Дрогнул указательный палец.
– Почему меня должны убить? – нахмурился писатель.
– Впору начать все заново, – вздохнул Вебер.
– Я поняла, – сделала иконописный лик Римма Марковна, – Это детектив, да? Мы все должны умереть. А после нас умрет доктор Краузе.
После подобных слов обычно начинается суматоха (а в телевизоре – рекламная пауза), но ничего такого в гостиной не происходило.
– Я ничего не поняла, – проговорила, споткнувшись, Рита Туманович, – кроме того, что нас пугают. Доктор, почему вы все время молчите?
– Да, действительно, – встрепенулся писатель, – Почему у нас Александр Петрович молчит?
Доктор Краузе фыркнул… и ничего не ответил.
– Я подозревал, что это шарашка, – процедил Корнилов, – когда мне советовали обратиться к доктору Краузе. Но я не знал, что это еще и драмкружок.
– А как же врачебная этика? – сухо спросила Софья Моретти, – Все, о чем мы говорили доктору Краузе, стало известно посторонним лицам.

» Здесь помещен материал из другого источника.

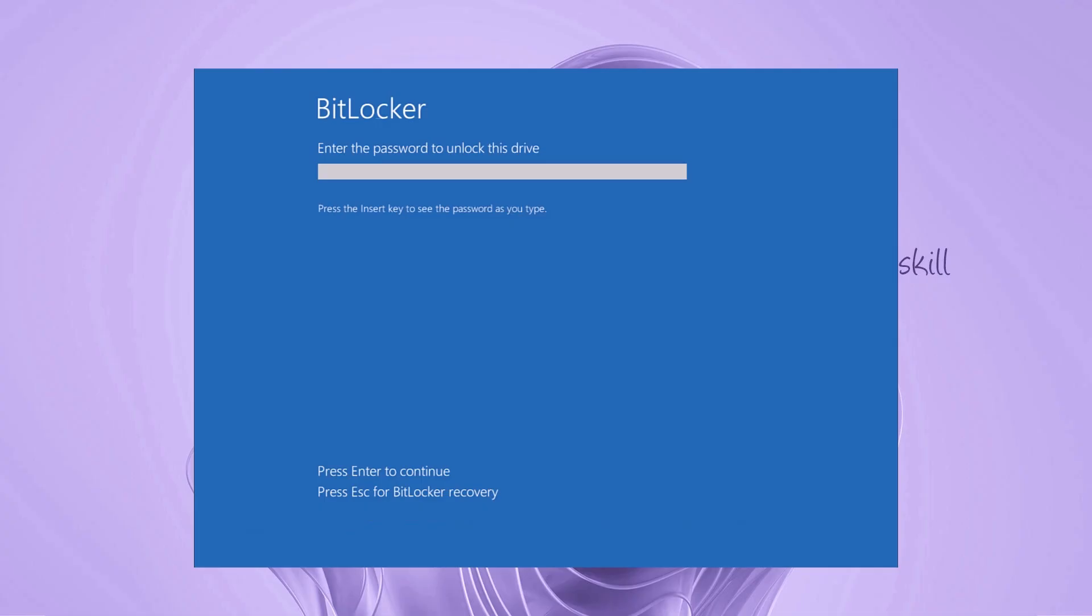However, please note, you will not be able to access or recover files from Drive C unless you have the BitLocker password or recovery key. All data on Drive C will be permanently deleted during the reinstallation process. With that in mind, let's get started.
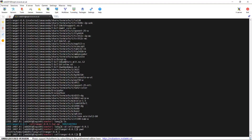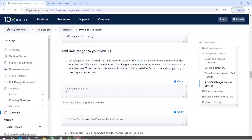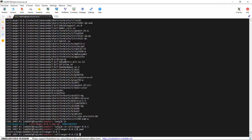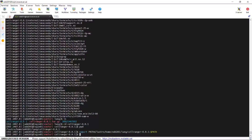Next we use the export command to add CellRanger to our PATH. If you are installing the software on your own account, you can use your own path. Here I have my path, and I use the export command with my path. Now we should be able to run CellRanger from my account.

– Далеко не всё, – возразил Кобзарь, – А только то, что ваши проблемы уже начались. И опыт господина Арнгольта подсказывает: мелочами, вроде кражи ноутбука, вы уже не отделаетесь. Мы не понимаем, что происходит, склоняемся к мысли, что столкнулись с сумасшедшим. Но риск от этого не становится гипотетическим. Мы считаем своим долгом вас предупредить. Предупрежден – значит, вооружен. К сожалению, нельзя приставить к каждому из вас охранника…

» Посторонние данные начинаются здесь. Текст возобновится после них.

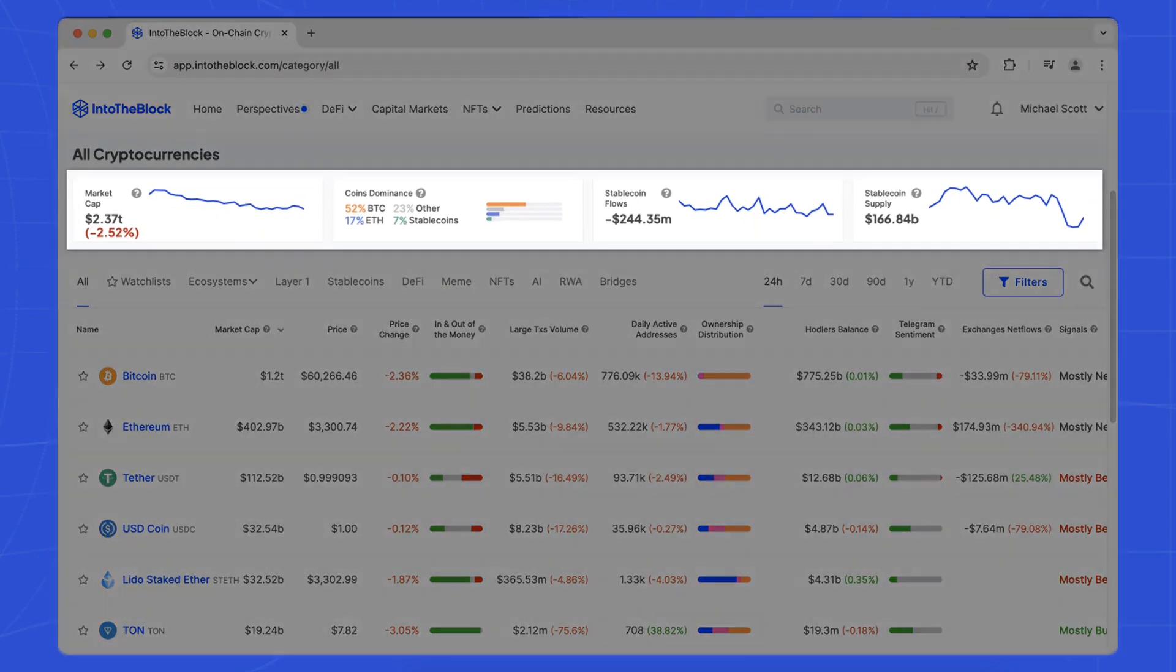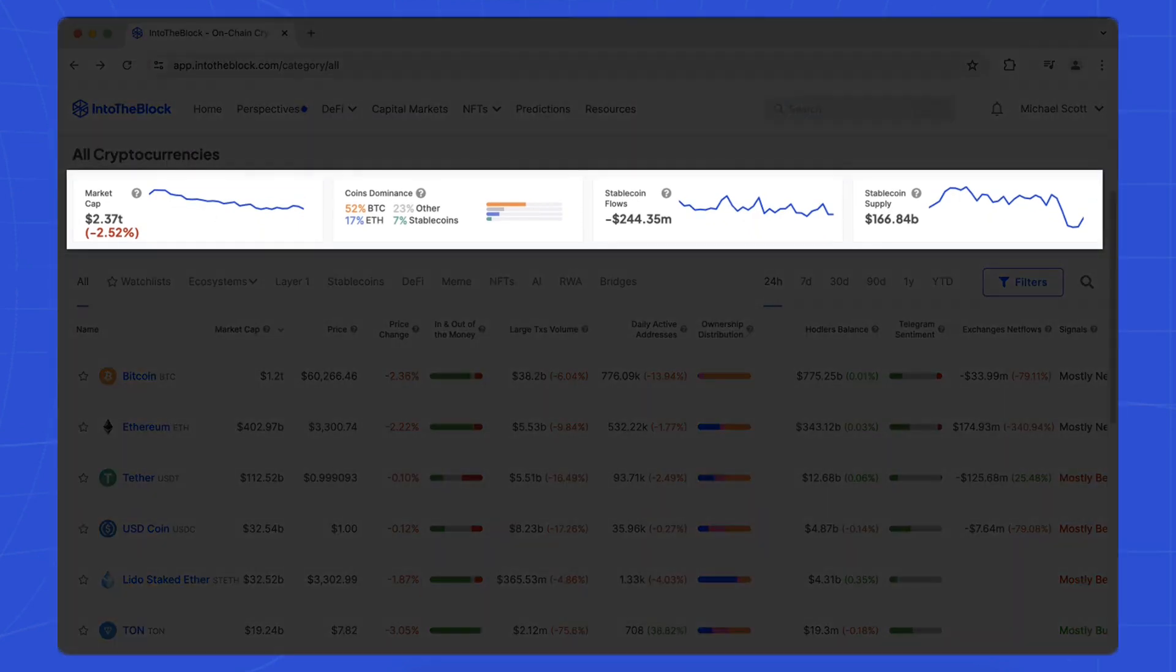Above the asset list, you'll find essential data including total market cap, coin dominance, and stablecoin insights.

– Почему же? – хитровато усмехнулся писатель, – Если вы считаете, что каждому из нас угрожает опасность – вы обязаны нас изолировать.
– Согласны на изоляцию? – покосился на писателя Корнилов.

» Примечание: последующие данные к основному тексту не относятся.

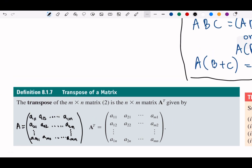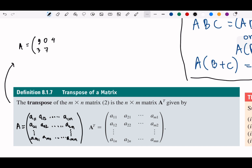For example, if A is [9, 0, 4; 3, 7, 5], the transpose of A — remember, row becomes column — is [9, 3; 0, 7; 4, 5]. That's the transpose.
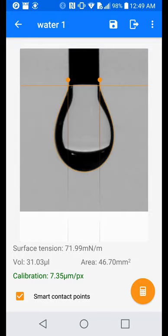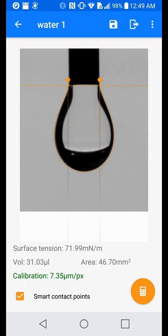Now, simply move the orange vertical bar to where the droplet meets the needle, and the two points on both sides of the droplet, and hit calculate. This will give you the surface tension, the volume, and the cross sectional area.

– Лично я – нет, – засмеялся Рахметов.
– Во-первых, мы не уверены, что вам угрожает опасность, – гнул Кобзарь, – Но склонны это предполагать. Если есть желающие обезопасить свою жизнь – милости просим. Приезжайте в управление, пишите заявление, мы что-нибудь придумаем. Но есть способ лучше – почему бы вам… куда-нибудь не уехать?
И вот тут начался базар. Рита возмущалась, что она по-прежнему ничего не понимает – какие письма, может, это детективная викторина, групповой сеанс психотерапии? Почему она должна куда-то ехать, бояться – если она не сделала ничего плохого? Она вообще за всю жизнь не сделала ничего плохого! Корнилов язвил про извращенное понимание полицией своего долга. Моретти уверяла, что завязывает с психоанализом и выбирает традиционную медицину. При этом женщина выразительно поглядывала на Оксану Чернорецкую, давая понять, что хождения «налево» – прерогатива не только «нормальных» людей. Римма Марковна – чуть ли не единственная здравомыслящая в компании – удивлялась негативной реакции аудитории – ведь то, о чем говорил полицейский, заслуживает всяческого внимания. Кто-то хочет, чтобы его укололи ядом в общественном месте? Писатель уверил собравшихся, что и так избегает общественных мест… а задумка у детектива, что ни говори, стоящая. Он продолжал набирать текст. На писателя с изумлением смотрел капитан Вебер – надо же, какой источник вдохновения…
– В общем, бред, – подытожил Баев, – Или розыгрыш. Или что-то еще.
Зависла пауза, и все услышали приятный, хотя и несколько замогильный голос Оксаны Чернорецкой.
– Послушайте… я, может, что-то не поняла, но если это правда… если некий сумасшедший собрался нас убить, то… я правильно понимаю, что он находится среди нас?
Не только у меня мурашки поползли по коже. Люди приутихли, стали втягивать головы в плечи. Баев вскинул руку, устремил пристальный взгляд на часы, хотя они находились на другой руке. Задумалась Римма Марковна. Рита Туманович как-то сморщилась, повзрослела. Писатель Рахметов резко повернулся к Оксане и уставился на нее, как на гроб господень.